Julieta Cardona
18/06/2016 - 12:00 am
Sacar la voz
Esto que está sucediendo me huele mal, le dije a Gabriela la última vez que nos vimos. Ya me había dejado algunas pistas de que su noviazgo con Mario iba de la mierda porque él es superagresivo cuando se pone borracho. “Me da miedo”, se le escapó aquel día.
Esto que está sucediendo me huele mal, le dije a Gabriela la última vez que nos vimos. Ya me había dejado algunas pistas de que su noviazgo con Mario iba de la mierda porque él es superagresivo cuando se pone borracho. “Me da miedo”, se le escapó aquel día.
Mario estuvo a punto de matar a Gabriela: le molió la nariz de un cabezazo, le asestó patadas en los brazos y el tórax y, con el puño haciendo trizas su garganta, la desmayó, terminando de imposibilitarla. Despertó, dice Gabriela, porque sintió profundo dolor en toda la cara: era Mario limpiándole toscamente la sangre que le brotaba de la nariz y de los labios reventados.
Sus padres la llevaron a testificar. Las lesiones que presentas, Gabriela, son más que suficientes para comenzar un proceso penal inmediato; firma tu declaración, hagámoslo, le dijo la autoridad competente a cargo.
Pero Gabriela no firmó. Las razones no importan porque son medias falsedades cognoscibles que entorpecen y enceguecen la pregunta que cuesta tanto trabajo responder: ¿Por qué? Una pregunta con dos direcciones: la que nos hacemos cuando se nos violenta en cualquier sentido (físicamente; socialmente: al recibir improperios cuando se camina por la calle, o al no poder ascender en el trabajo, o al sufrir acoso por parte del jefe; arbitrariamente: la imperturbable iteración del lenguaje en la memoria colectiva, donde se refuerzan los estereotipos de género), y la que es más importante: cuando nos convertimos en propias detractoras de nuestro género.
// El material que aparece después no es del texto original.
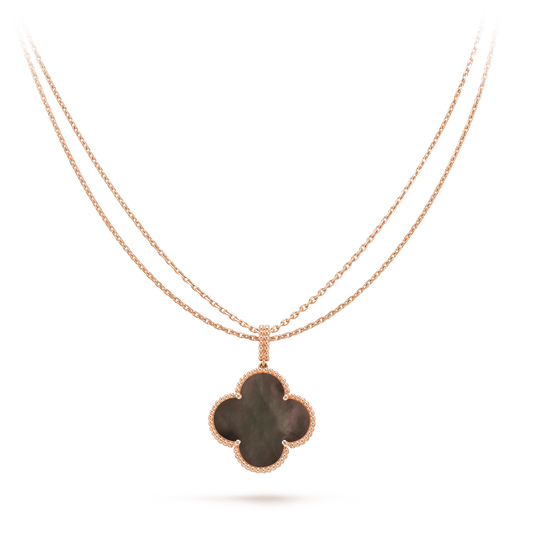 ¡®Glow Jewelry¡¯CLOVER 25MM GOLD DARK MOP BIG CLOVER NECKLACE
Hace días leí un ensayo: «La literatura y la historia ofrecen numerosos ejemplos de cómo –a veces con agresividad, otras con indiferencia– se ha excluido a las mujeres de la conversación pública». El manuscrito presenta numerosa evidencia de cómo a lo largo de la historia –y aquí hago una anotación a modo de sinécdoque como tropo retórico– se le ha cortado la lengua a la mujer por una razón: la palabra es lo más poderoso que el ser humano tiene para manifestarse.
No vengo a dar respuestas. No las tengo. También estoy buscándolas. Me huele a que tenemos que resolver algo desde bien adentro. O algo tiene que terminar de rompérsenos para que podamos, llenas de convicción, decir, las veces que sean necesarias: no.